Recommendations are stored as annotations on individual workloads:

metadata:
annotations:
optipod.io/managed: "true"
optipod.io/policy: "my-policy"
optipod.io/last-recommendation: "2025-01-28T10:30:00Z"
optipod.io/recommendation.app-container.cpu-request: "250m"
optipod.io/recommendation.app-container.memory-request: "512Mi"
optipod.io/recommendation.app-container.cpu-limit: "500m"
optipod.io/recommendation.app-container.memory-limit: "1Gi"
  • Initial assessment: Understand optimization potential before committing
  • Validation: Verify recommendations align with expectations
  • GitOps workflows: Review recommendations in Git before applying
  • Compliance: Document recommendations for audit trails
  • Gradual rollout: Test on non-critical workloads first
apiVersion: optipod.optipod.io/v1alpha1
kind: OptimizationPolicy
metadata:
name: safe-recommendations
namespace: default
spec:
mode: Recommend # Safe mode - no mutations
selector:
workloadSelector:
matchLabels:
optipod.io/enabled: "true"
metricsConfig:
provider: metrics-server
rollingWindow: 24h
percentile: P90
safetyFactor: 1.2
resourceBounds:
cpu:
min: "100m"
max: "4000m"
memory:
min: "128Mi"
max: "8Gi"
updateStrategy:
# Strategy configuration is ignored in Recommend mode
# but good to define for future Auto mode transition
strategy: webhook
rolloutStrategy: onNextRestart
updateRequestsOnly: true

Individual workload:

Terminal window
kubectl get deployment my-app -o yaml | grep -A10 "optipod.io/recommendation"

Policy status (aggregate only):

Terminal window
kubectl describe optimizationpolicy safe-recommendations

Generate impact report:

Terminal window
curl -fsSL https://raw.githubusercontent.com/Sagart-cactus/optipod/main/scripts/optipod-recommendation-report.sh | bash -s -- -o html -f report.html

Automated optimization with policy-driven safety controls.
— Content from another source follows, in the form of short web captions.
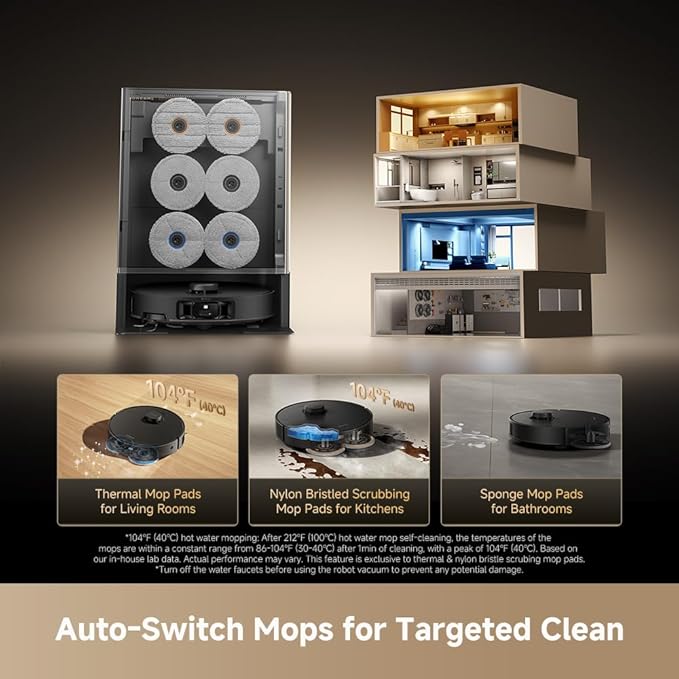 DREAME Matrix10 Pro Robot Vacuum and Mop, Featuring Multi-Mop Switching Dock, Three-Solution Compartment, Detangling Brush, 30,000Pa Suction, 212°F (100℃) Mop Self-Cleaning Black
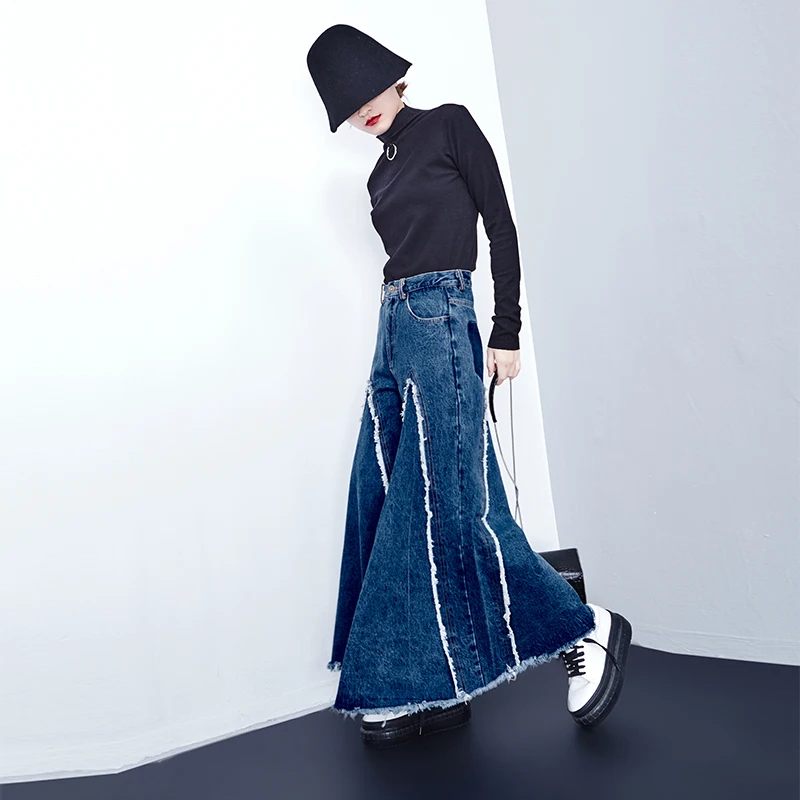 GETSPRING женские брюки асимметричные расклешенные джинсовые подходящие к цвету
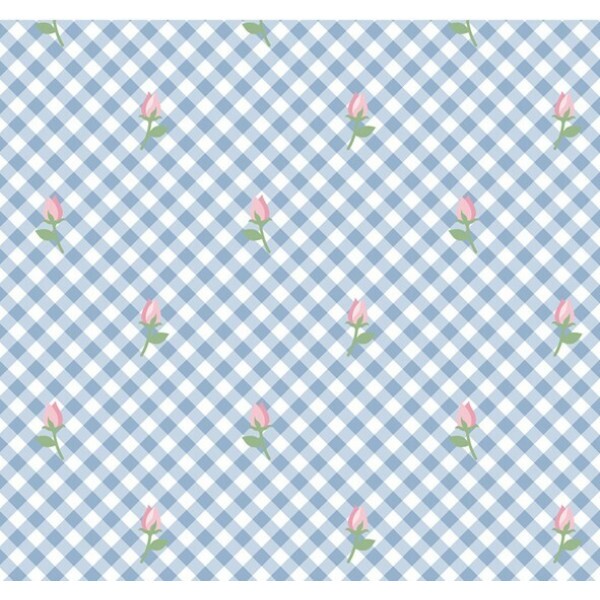 COL/ DIGITAL -  ENTRE LAÇOS E FITAS - XADREZ AZUL C/ ROSAS - ( 80097 VAR,01 ) - ( E9756 )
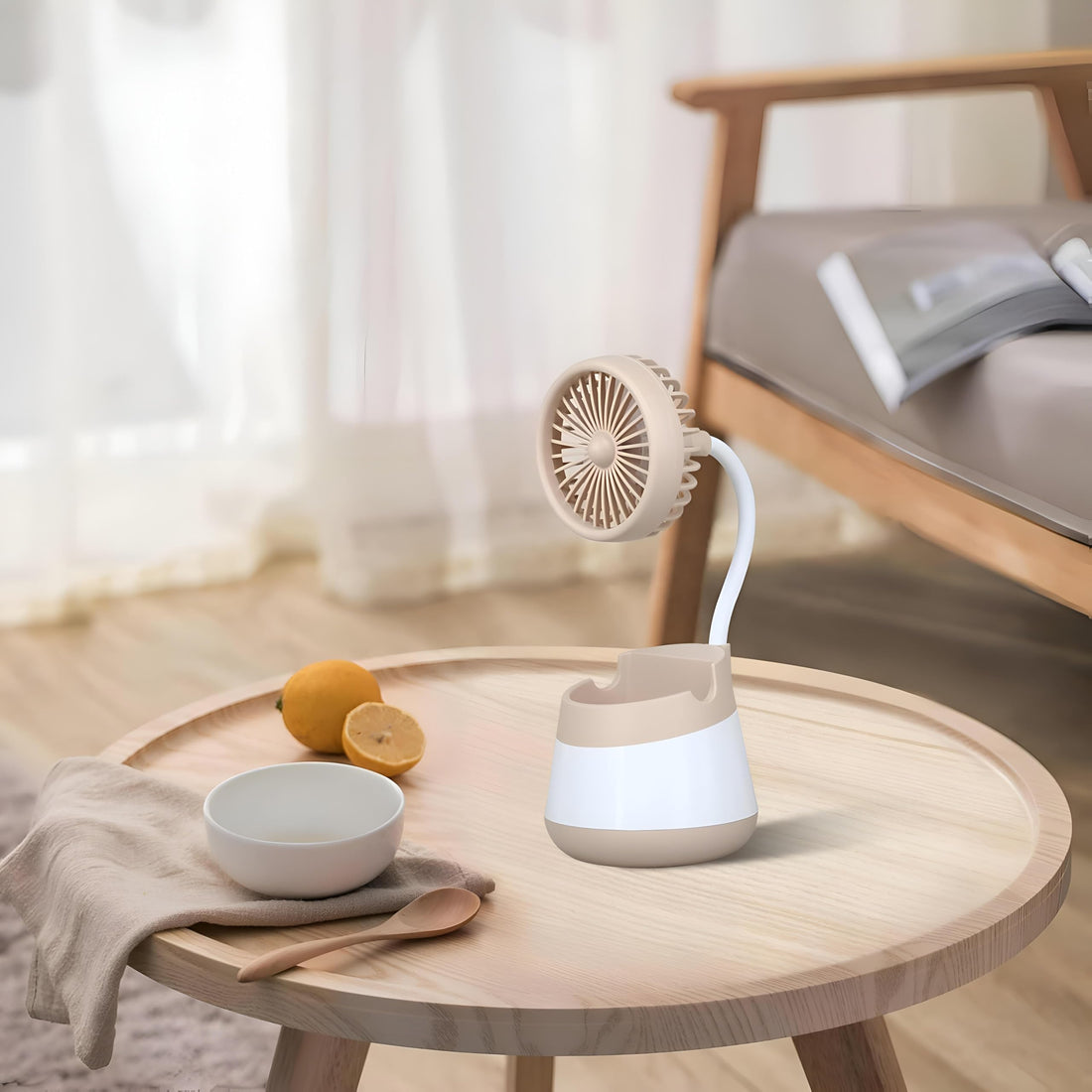 Desktop Cooler - Stylish and versatile fan with high cooling capacity and compact design that is easy to carry. It works as a mobile phone holder, remote holder, and pen organizer all in one. Perfect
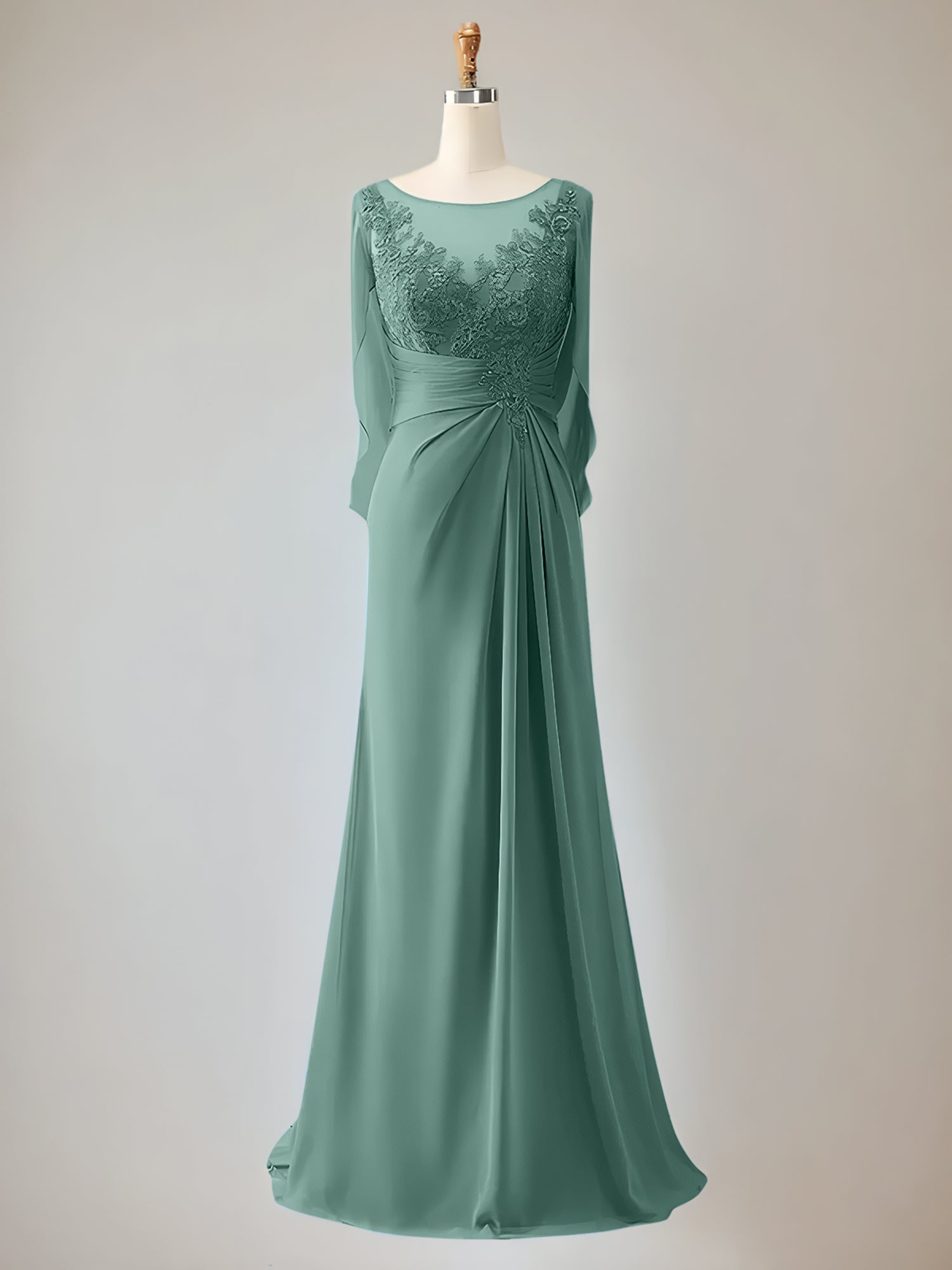 Trumpet/Mermaid Scoop Neck 1/2 Sleeve Chiffon Mother of the Bride Dress With Beadings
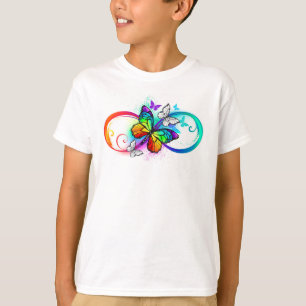 T-shirt Infini lumineux avec papillon arc-en-ciel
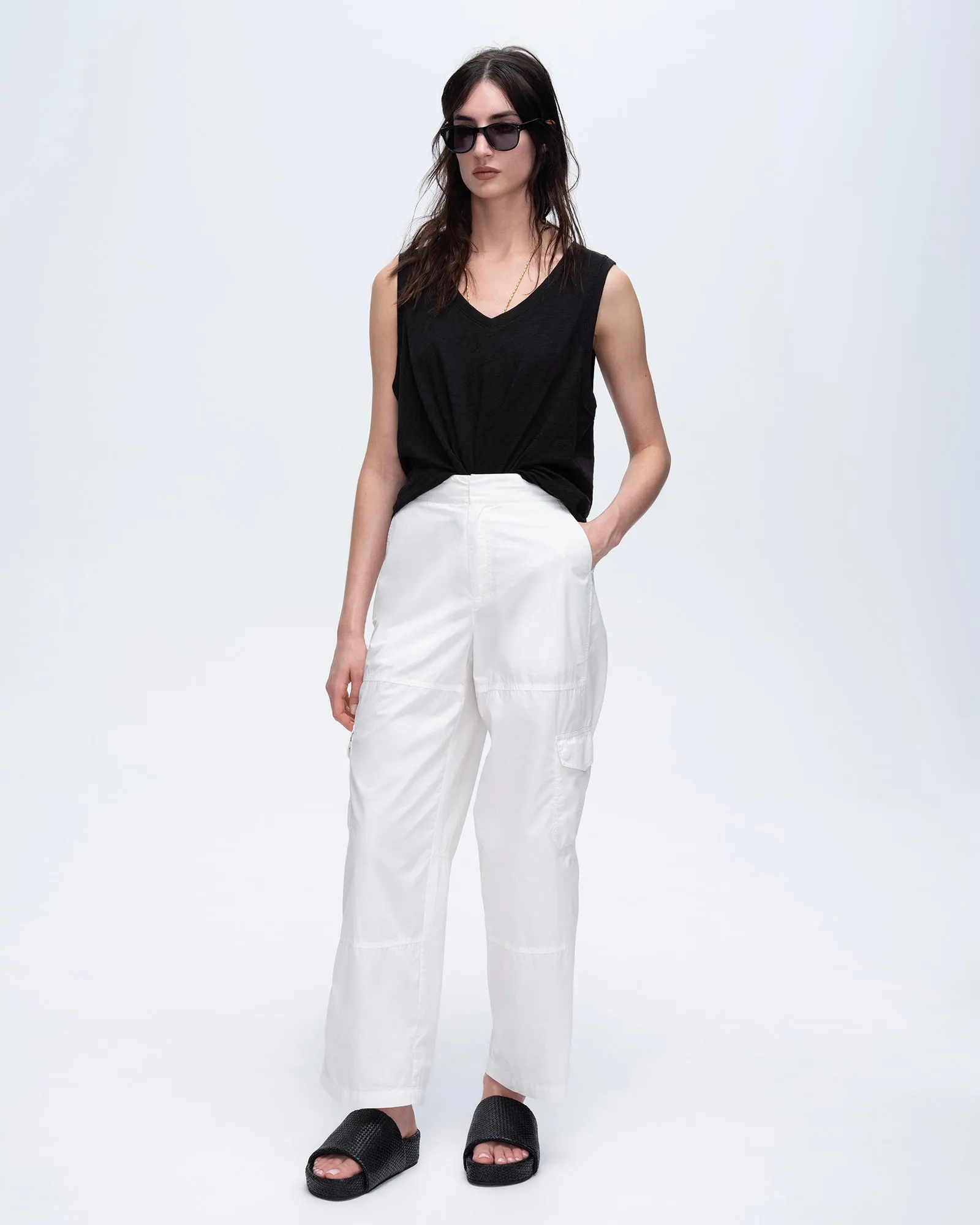 Cotton Poplin Cargo Pants - White sold by ATM Anthony Thomas Melillo product image thumbnail 5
  • Everything Recommend mode does, plus:
  • Applies recommendations using configured strategy
  • Triggers pod restarts (if using immediate rollout)
  • Respects resource bounds and safety constraints
  • Honors update strategy configuration

Auto mode supports two strategies for applying recommendations:

Webhook Strategy (Default):

  • Stores recommendations as annotations
  • Webhook injects values during pod creation
  • GitOps-safe (no spec mutations)
  • Requires webhook server and cert-manager

SSA Strategy:

  • Directly patches workload specs
  • Uses Server-Side Apply for field ownership
  • Immediate API updates
  • May conflict with GitOps tools
  • Production optimization: After validating recommendations in Recommend mode
  • Continuous optimization: Adapt to changing workload patterns
  • Cost reduction: Automatically right-size resources
  • Performance tuning: Maintain optimal resource allocation

Before enabling Auto mode:

  1. Validate recommendations in Recommend mode first
  2. Set conservative bounds to prevent extreme changes
  3. Test on non-critical workloads before production
  4. Configure safety factors appropriately (1.2-1.5x recommended)
  5. Review update strategy for your environment
  6. Monitor metrics after enabling Auto mode
apiVersion: optipod.optipod.io/v1alpha1
kind: OptimizationPolicy
metadata:
name: auto-optimization
namespace: production
spec:
mode: Auto # Automated optimization
selector:
namespaceSelector:
matchLabels:
optipod.io/auto-optimize: "true"
workloadSelector:
matchLabels:
optipod.io/enabled: "true"
metricsConfig:
provider: prometheus
rollingWindow: 7d
percentile: P90
safetyFactor: 1.3
resourceBounds:
cpu:
min: "100m"
max: "2000m"
memory:
min: "256Mi"
max: "4Gi"
updateStrategy:
strategy: webhook
rolloutStrategy: onNextRestart
allowInPlaceResize: true
allowRecreate: false
updateRequestsOnly: true
reconciliationInterval: 1h

Check policy status:

Terminal window
kubectl get optimizationpolicy auto-optimization -o yaml

Watch for events:

Terminal window
kubectl get events --field-selector involvedObject.name=auto-optimization

Monitor Prometheus metrics:

# Optimization success rate
rate(optipod_optimization_success_total[5m])
# Resource change magnitude
optipod_resource_change_magnitude_percent

Temporarily pause policy processing without deleting the policy.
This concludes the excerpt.